Business vehicle leases normally come in two forms:
- A 'finance lease' vehicle usually means a deposit down and a fixed number of payments. At the end of the lease, either the vehicle is handed back or a lump sum payment is made to keep the vehicle. This can also be referred to as Contract Purchase or Hire Purchase.
- A 'contract hire' vehicle can be referred to as an operating lease. The vehicle is essentially a long-term rental. A certain number of payments are provided upfront as a part of the 'rental' agreement and then fixed payments for the remainder of the agreed term.

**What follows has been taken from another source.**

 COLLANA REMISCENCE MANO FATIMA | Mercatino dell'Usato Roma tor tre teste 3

The vehicle is then handed back at contract end.
We'll cover both types of these leases, the tax and reporting implications and whether putting them through the business or personally acquiring them is the better option.
When leasing a vehicle on a finance agreement through the business, the vehicle immediately becomes a company asset as the company becomes the owner. Your business would claim the price (minus costs for credit) as a capital allowance.

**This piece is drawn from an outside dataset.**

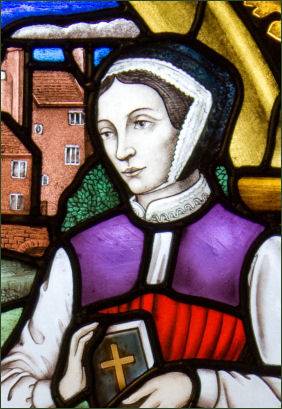 st. Margaret Clitherow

The amount claimable on the allowance will depend on the vehicle type - (zero/low emissions vehicles have a 100% write down allowance). Cars are not allowed as part of the AIA (Annual Investment Allowance).
Only the 'interest' portion of the monthly payments would then be allowed to be put as expenses on the company books.

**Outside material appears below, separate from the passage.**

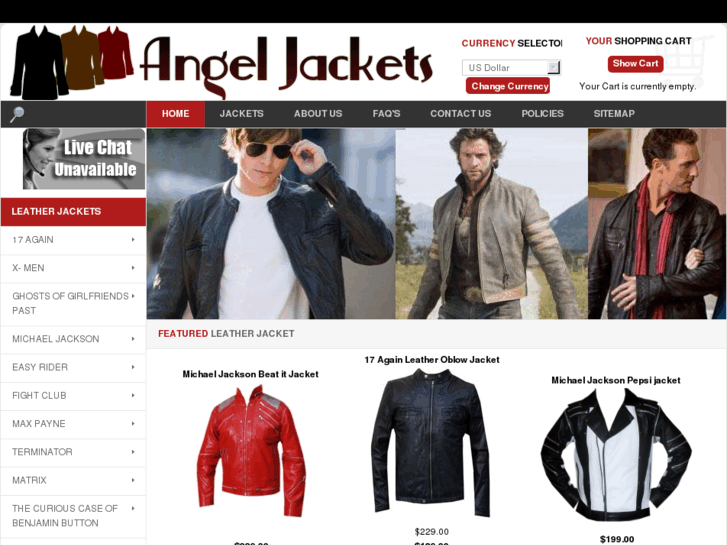 www.hollywoodleatherjackets.com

Costs incurred as part of maintaining the vehicle would be an allowable expense.
Overall, the business would save corporation tax due to the reduced profit.
The matter gets a little complicated if the vehicle has private use. The employee using the vehicle will have to pay company car tax and the business would incur employers' NICs on the benefit provided.
With the long-term hire approach, the vehicle is never on the company's balance sheet as it never 'owns' it. The upfront and monthly payments are wholly allowable as an expense as will maintenance and associated costs.
Again, if the vehicle is provided to an employee, company car taxes would need to be considered.
Personal vs Business
Business contract hire deals will normally be 20% cheaper as VAT can be reclaimed fully if 100% business use, or 50% if there is any private usage longer than 10 days.
Businesses will still be able to fully reclaim VAT on maintenance costs.
Personal leases will have costs fully covered by the employee for both types. However, the employee can claim expenses equivalent to 45p/mile for the first 10,000 miles and 25p/mile after. 10,000 miles would allow £4,500 to be taken off the company's profits before corporation tax.
It would need to be weighed up whether £4,500 @ 20% is more of a saving than reclaiming interest payments and capital allowances and paying company car taxes.
Generally, for higher emission vehicles or non-zero BiK percentage vehicles with high P11D values it would be better to have the employee personally lease and claim business mileage from the business.